New managers often find themselves being bounced between people, events, actions or controversy. Do this enough and you will feel like the proverbial silver ball in one of the old pinball arcade games.
If this happens to you, being named the Pinball Wizard will not be flattering.
Oh sure, keeping the steel ball in play was the object of the game so that more points could be piled up by bouncing all over the board. If you got near the end of the run, there were those last couple of flippers to knock you back into action. Not really a fun place to be. This is certainly no way for a team’s leader to act.
Being a manager can subject you to this kind of frenzied behavior. Your team members, your bosses, people from other departments… all of them can exert pressure to get you to change course. You can be reeling from a meeting with your boss when the next thing you know someone on your team brings you some kind of crisis. The list may go on and on.
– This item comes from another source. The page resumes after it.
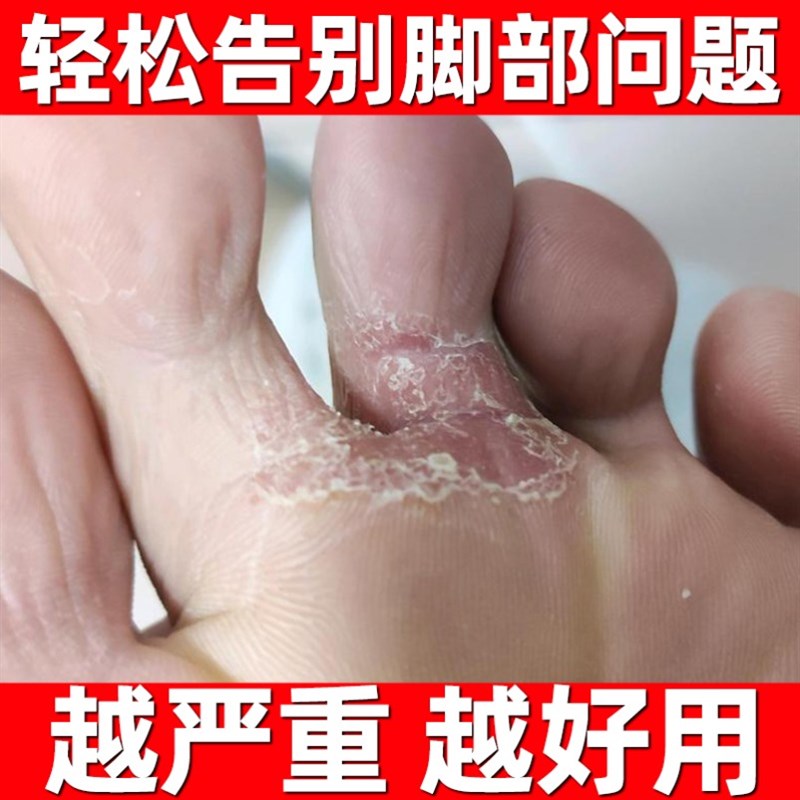 推荐手足藓去痒湿疹腿部一抹灵药膏脚廯中医除臭皮肤病乾燥水泡宝 - 图0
Juggling the many different things that might be swirling around you as a new manager can be exhausting. Merely allowing the points to pile up by letting yourself bounce from issue to issue will not work for long. It may seem like you are getting a lot done, but in the end, you might just fall out into some black hole (just like the steel ball in our game).
So, why allow yourself to give in to the pinball effect?
First, it is human nature to react to new things. When I think about reacting, I love the wise old adage.
“When we are given a medicine, if we respond that is a good thing. But reacting is a bad thing.
So we need to watch how we react to the first news of a new item, event, or circumstance. Try to establish your own sense of balance that operates at more of a calm, consistent level. Take in new news with this sense of calm. Try not to overreact at the first piece of information you receive. If you bounce too high or too far right at first, then the rebound may be harder to control.
Pick your battles. Not every event needs the same level of response. Sometimes you just need to let it go (yes, I had to work that in here somewhere). As cliché as that phrase has now become, it is wise to follow.
Lastly, ask the key question: Is it me or is this place going nuts? I am being blunt for the dramatic effect here. You may be the force that is causing the pinball effect. If so, collect yourself and regroup. Get some feedback from others you have learned you can trust.